As part of the European Union, Britain is making progress to tackle climate change. Together, we have signed up to the Paris agreement. Many European laws and regulations, which are our laws, have been a force for good and have nudged the UK towards better environmental protection and better protection for human health. That was possible through the effective enforcement of those laws by EU agencies and the European Commission. The Bill carries with it the risk that we might scrap the commitments we have shared with the EU to go it alone, or to throw in our lot with America or another country.
I want this country to become the greenest in the world. Before I became an MP, I was closely involved in improving how we dealt with our household and commercial waste following the EU landfill directive. Landfill produces a potent greenhouse gas, methane, and diverting landfill waste through recycling, composting and waste reduction is the only way to stop this greenhouse gas getting into the atmosphere. The UK is still one of the worst recyclers in the developed world, according to figures released the other day.
We have a long way to go and would not have gone as far as we have without the EU pushing us in the right direction and the effective enforcement of the European enforcement agencies and the Commission. We have talked for a while today about how the UK has been a leader on particular EU legislation. That is the beauty of the EU: in some areas, we are leaders; in other areas, such as air pollution, other countries have been leaders. Together, we have produced a body of legislation that makes things better for us all. Another example of good EU legislation is how our beaches have been cleaned up following EU directives. British beaches are now 99% clean and safe—that is what the EU has done for us.

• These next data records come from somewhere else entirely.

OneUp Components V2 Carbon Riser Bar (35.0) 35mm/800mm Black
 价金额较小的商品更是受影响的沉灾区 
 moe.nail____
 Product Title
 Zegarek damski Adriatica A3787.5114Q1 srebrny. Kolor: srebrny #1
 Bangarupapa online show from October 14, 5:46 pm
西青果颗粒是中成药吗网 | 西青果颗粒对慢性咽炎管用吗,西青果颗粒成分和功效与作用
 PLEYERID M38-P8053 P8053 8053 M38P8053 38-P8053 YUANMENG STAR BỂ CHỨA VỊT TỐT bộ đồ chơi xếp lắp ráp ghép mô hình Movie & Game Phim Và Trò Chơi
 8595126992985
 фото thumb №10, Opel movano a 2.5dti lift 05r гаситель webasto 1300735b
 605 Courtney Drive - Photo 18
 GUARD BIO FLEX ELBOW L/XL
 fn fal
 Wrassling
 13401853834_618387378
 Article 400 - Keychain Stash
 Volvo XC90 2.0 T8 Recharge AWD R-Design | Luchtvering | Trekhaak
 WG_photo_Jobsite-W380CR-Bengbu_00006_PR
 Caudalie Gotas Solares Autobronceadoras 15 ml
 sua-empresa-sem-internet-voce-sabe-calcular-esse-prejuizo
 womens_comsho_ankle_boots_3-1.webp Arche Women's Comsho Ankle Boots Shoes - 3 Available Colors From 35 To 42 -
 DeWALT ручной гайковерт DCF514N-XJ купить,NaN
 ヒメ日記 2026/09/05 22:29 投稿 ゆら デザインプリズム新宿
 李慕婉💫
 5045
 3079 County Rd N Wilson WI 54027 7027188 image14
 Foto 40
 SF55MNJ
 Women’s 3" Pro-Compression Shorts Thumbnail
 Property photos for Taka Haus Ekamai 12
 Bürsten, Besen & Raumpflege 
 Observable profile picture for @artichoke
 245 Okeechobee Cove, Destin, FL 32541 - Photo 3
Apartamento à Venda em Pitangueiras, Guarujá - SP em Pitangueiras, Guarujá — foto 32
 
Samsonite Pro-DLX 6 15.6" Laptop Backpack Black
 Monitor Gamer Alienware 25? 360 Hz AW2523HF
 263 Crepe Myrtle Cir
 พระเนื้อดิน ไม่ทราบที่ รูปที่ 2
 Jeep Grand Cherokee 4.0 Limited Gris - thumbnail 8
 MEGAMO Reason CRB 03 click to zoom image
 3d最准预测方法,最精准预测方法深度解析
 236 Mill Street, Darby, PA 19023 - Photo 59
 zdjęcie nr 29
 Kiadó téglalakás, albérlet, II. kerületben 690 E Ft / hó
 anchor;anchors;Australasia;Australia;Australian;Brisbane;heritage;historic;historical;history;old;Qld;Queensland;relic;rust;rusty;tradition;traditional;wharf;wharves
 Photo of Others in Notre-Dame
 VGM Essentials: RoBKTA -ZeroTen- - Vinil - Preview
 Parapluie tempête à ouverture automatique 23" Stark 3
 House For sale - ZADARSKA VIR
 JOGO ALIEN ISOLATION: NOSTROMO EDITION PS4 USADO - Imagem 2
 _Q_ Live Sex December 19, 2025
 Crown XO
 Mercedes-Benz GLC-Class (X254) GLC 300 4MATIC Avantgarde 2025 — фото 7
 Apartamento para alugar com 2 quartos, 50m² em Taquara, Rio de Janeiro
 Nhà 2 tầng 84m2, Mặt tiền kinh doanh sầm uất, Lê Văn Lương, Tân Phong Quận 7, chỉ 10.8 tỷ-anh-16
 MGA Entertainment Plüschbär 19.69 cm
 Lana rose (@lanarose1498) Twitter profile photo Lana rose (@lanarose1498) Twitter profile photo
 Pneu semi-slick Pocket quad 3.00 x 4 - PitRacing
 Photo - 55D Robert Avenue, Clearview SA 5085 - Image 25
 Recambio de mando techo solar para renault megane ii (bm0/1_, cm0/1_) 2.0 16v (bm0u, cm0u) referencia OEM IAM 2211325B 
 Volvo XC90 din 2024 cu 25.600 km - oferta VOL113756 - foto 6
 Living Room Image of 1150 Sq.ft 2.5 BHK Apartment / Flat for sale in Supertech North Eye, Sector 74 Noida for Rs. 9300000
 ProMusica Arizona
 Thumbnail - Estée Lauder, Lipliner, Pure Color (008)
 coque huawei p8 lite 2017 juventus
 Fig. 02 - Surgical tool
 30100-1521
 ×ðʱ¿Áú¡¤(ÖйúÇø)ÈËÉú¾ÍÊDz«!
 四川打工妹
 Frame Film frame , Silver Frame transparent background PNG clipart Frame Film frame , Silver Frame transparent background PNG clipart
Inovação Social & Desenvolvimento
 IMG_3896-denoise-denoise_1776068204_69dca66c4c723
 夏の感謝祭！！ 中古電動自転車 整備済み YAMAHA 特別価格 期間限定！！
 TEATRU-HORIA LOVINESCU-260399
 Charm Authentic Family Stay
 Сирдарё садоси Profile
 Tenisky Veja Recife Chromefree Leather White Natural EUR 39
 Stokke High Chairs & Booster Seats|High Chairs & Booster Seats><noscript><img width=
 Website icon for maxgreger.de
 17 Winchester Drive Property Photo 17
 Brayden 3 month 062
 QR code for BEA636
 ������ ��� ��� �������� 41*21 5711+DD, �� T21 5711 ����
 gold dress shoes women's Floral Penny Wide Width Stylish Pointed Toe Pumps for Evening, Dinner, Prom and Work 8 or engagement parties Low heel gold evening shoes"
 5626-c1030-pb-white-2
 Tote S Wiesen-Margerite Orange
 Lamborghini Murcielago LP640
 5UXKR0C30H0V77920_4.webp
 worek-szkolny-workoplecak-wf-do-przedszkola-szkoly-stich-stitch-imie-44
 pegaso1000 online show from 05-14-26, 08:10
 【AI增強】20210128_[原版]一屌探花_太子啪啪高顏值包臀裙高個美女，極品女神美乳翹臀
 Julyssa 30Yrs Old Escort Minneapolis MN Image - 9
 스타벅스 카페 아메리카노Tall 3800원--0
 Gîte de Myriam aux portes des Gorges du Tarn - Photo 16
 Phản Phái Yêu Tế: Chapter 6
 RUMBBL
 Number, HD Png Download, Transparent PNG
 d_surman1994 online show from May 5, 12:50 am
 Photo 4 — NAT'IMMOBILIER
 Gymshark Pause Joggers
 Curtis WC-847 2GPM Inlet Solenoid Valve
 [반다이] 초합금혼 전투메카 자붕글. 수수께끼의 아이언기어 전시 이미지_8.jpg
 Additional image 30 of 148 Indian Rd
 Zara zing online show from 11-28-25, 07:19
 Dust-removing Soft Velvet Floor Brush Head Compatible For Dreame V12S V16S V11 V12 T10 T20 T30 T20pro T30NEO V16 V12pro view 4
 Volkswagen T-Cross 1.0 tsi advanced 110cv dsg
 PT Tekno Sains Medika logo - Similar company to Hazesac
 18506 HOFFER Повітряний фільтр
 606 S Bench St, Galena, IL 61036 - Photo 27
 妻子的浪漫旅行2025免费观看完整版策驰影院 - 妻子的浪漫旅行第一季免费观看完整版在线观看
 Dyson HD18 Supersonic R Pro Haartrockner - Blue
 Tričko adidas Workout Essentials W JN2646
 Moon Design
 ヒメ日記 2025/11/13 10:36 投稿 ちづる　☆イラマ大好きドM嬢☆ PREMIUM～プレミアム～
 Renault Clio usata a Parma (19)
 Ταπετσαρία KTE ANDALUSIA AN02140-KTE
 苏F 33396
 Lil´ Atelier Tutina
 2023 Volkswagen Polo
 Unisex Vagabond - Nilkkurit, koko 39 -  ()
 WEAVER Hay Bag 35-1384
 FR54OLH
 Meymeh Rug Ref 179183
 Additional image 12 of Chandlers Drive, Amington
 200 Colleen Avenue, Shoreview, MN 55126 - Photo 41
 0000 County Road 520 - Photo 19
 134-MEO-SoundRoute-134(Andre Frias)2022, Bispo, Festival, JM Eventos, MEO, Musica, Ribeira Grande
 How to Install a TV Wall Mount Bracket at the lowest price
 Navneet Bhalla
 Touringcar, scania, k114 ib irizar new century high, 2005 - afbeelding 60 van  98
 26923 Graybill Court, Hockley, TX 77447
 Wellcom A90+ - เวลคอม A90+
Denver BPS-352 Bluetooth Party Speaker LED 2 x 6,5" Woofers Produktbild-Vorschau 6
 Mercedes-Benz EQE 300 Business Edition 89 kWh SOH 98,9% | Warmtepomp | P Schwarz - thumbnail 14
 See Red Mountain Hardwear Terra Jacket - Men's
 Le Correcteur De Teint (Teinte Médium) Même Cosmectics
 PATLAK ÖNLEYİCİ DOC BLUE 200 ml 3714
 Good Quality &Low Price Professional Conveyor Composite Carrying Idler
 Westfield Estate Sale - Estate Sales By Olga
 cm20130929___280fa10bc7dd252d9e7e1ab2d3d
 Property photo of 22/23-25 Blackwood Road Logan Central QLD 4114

The environment is owned by everybody. It is not a person or legal entity that can complain. Private ownership in a deregulated world does not protect the environment. That is why the legal principles that underpin the EU, as well as powerful and independent enforcement bodies, are so essential.
Frankly, I am not reassured by Ministers. The recent Brexit impact assessment debacle or the war of words over regulatory alignment or divergence are prime examples
of why we should not be bamboozled by fine words, but keep a watchful, eagle eye on the Government’s every move. The draft animal welfare Bill that has been produced in a panic is not at all reassuring, but rather an example of how all the Government can do in the face of Brexit is to firefight. Indeed, the biggest problem for me is that Brexit has to happen in such an enormous rush, and that there is apparently the need to undo in a few short months the laws, regulations, enforcement, co-operation and partnerships that have evolved over 40 years.
The protection of the environment depends on cross-border co-operation. The environment is not a game of politics. It is the one thing that can either guarantee or endanger our own survival. The next best thing to staying in the EU would be to stay in the single market and the customs union. That alone would protect the high standards for the environment, health, safe employment, consumer protection and animal rights, and the oversight and enforcement of those standards by independent agencies. That is why everybody in the House should support amendment 124, tabled by my right hon. Friend the Member for Carshalton and Wallington, which would ensure that the Bill’s provisions would not undermine EU regulations and their enforcement during the transition period, while we are still operating in the single market.
At the very least, we should set up independent regulatory bodies that are effective and have enough teeth to hold powerful organisations, global companies, industries and individuals to account, and new clause 27 would allow that to happen. Of course, it would be great if we could count on everybody to do the right thing, but experience tells us otherwise. Environmental crimes continue unfettered where there are not powerful laws and powerful enforcement agencies.
Would it not be a tragedy if Brexit meant that we aligned ourselves with Trump’s America, pulling out of the Paris climate change agreement, expanding our fossil fuel industry, undermining our renewable energy industry, trampling over environmental protection laws and sitting idly by as the planet warmed up? Climate change is not “Project Fear”; it is the worrying and brutal reality. I started by saying that climate change is the biggest challenge of our age—bigger than Brexit. What a tragedy it will be if the environment and vital action to tackle climate change are the biggest victims of Brexit.